Il comandante radunò in cabina il suo piccolo equipaggio.

“Stiamo per affrontare una situazione davvero molto difficile per un'astronave della nostra stazza, e mi serve il massimo aiuto da tutti voi. In qualcosa di molto diverso dal solito, voglio dire. La Via Ferrea è una zona relativamente ricca di microcorpi cosmici di diverse forme e composizione. Anche i meno grandi di loro, se trascurati e non affrontati nel modo giusto, potrebbero mandarci ko. Come già vi ho accennato, noi abbiamo essenzialmente due modi per fronteggiarli: il migliore è evitarli. L'altro modo è di sminuzzarli e disintegrarli con le nostre armi.
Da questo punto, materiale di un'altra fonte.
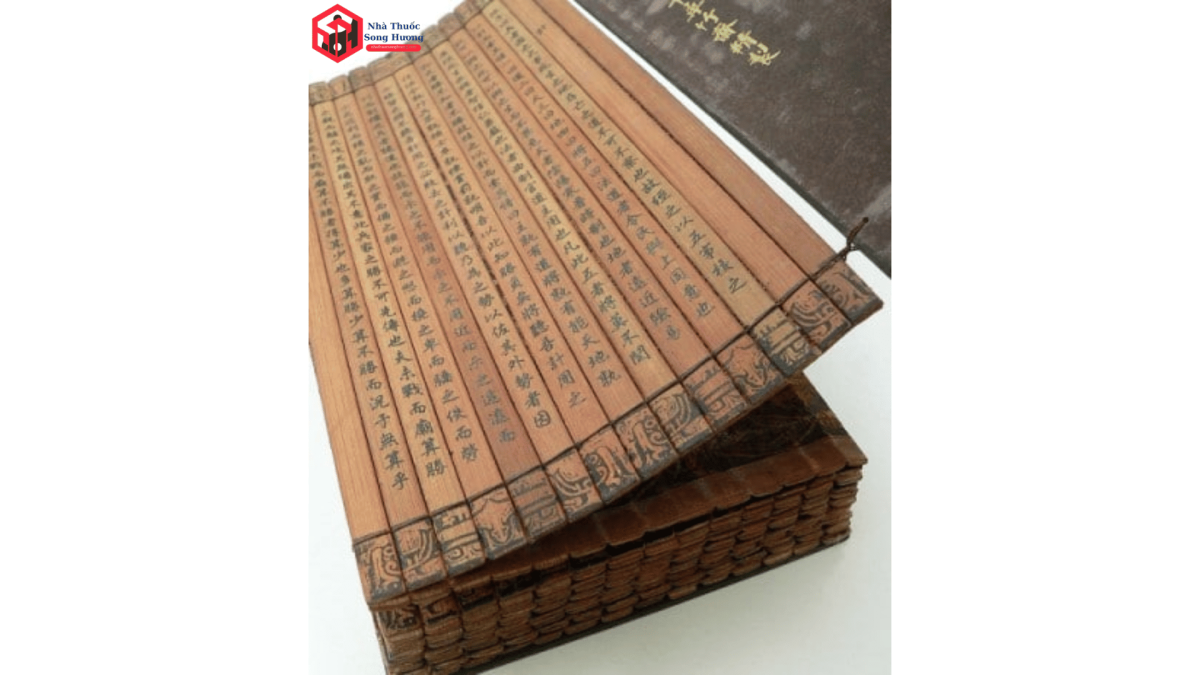 Cổ thư - Giáp Ất Kinh Viết gì về huyệt Bạch Hoàn du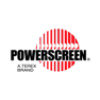 Powerscreen.com logo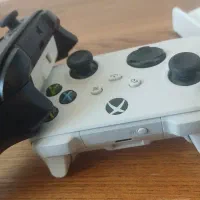 xbox series s-ایکس باکس Ss|کنسول، بازی ویدئویی و آنلاین|کرمانشاه, |دیوار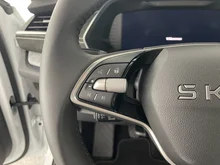 Škoda Octavia Combi Selection TSI in Moon-Weiß Metallic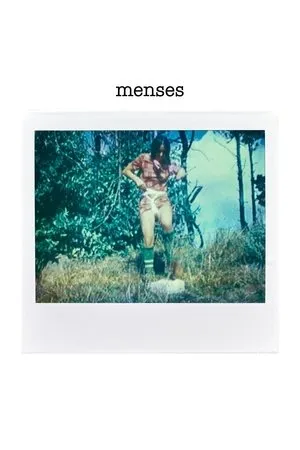 Постер к фильму Menses (1973)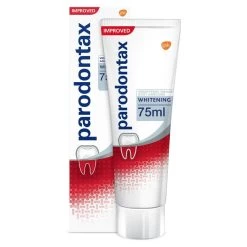 12x Parodontax Tandpasta Whitening Tegen Bloedend Tandvlees 7 12x Parodontax Tandpasta Whitening Tegen Bloedend Tandvlees -Kortingswinkel voor verzorgingsproducten 1054468 2
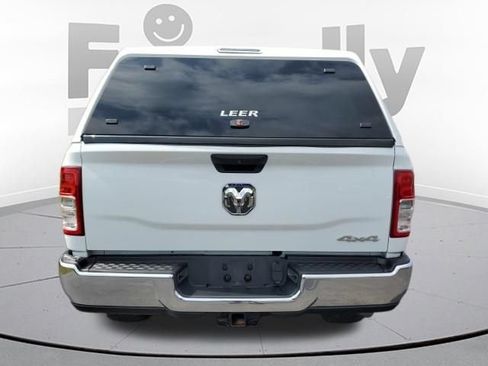 Used 2020 RAM 2500 Tradesman AWD/4WD image 4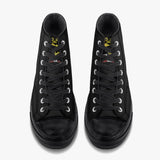 Third World High Top Canvas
I normali sistemi automatici di navigazione non sono sufficienti: serve anche l'occhio umano, anzi tanti occhi; molta, molta attenzione, e buoni riflessi. È per questo che da qualche settimana vi ho chiesto di impratichirvi con Asteroids, un videogioco in cui le problematiche sono più o meno le stesse.”

“E la cosa durerà non poco”, proseguì Ulisse. “Da quando quella luce diventerà rossa o arancione fino a quando ritornerà verde, potrebbero trascorrere anche tre o quattro giorni. Dormiremo a turni di sei ore. Mentre uno riposa, due degli altri staranno alle finestre laterali, ed uno mi affiancherà sempre ai comandi centrali. Io probabilmente dormirò qui, forse un po' meno degli altri. Cominciamo già da adesso, ognuno alla sua postazione.”